= Jozef Vergote =

Belgian egyptologist (1910–1992)

Jozef Antoon Leo Maria Vergote (16 March 1910 – 8 January 1992) was a Flemish Egyptologist and Coptologist.

He was born on 16 March 1910 in Gent, Belgium. He received his doctorate degree in classical philology and oriental languages in 1932 from the Catholic University of Leuven. He continued his studies in Paris, and in Berlin (1934–1937), where he worked under Kurt Heinrich Sethe, Hermann Grapow, and Rudolph Anthes. He taught Coptic and ancient Egyptian at the Catholic University of Leuven from 1938 until his retirement in 1978.

He was the editor of Orientalia Lovaniensia Periodica. His publications include Joseph en Égypte (1959), Toutankhamon dans les archives hittites (1961), and Grammaire copte (1973–1983).

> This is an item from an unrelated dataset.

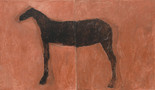 Susan Rothenberg. Triphammer Bridge. 1974. Acrylic and tempera on canvas, 67 1/8" x 9' 7 3/8" (170.5 x 292.1 cm). Gift of Edward R. Broida. © 2022 Susan Rothenberg/Artists Rights Society (ARS), New York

He died in Heverlee, Belgium on 8 January 1992.

== Bibliography ==
- Obsomer, Claude (2021). "L'Égyptologie à l'Université de Louvain (1891-2019)" [Egyptology at the University of Louvain (1891-2019)]. In: Courtois, Luc (ed.). Les études orientales à l'Université de Louvain depuis 1834. Hommes et réalisations. Brussels: Éditions Safran, ISBN 978-2-87457-124-4, pp. 159-174, esp. pp. 167-168.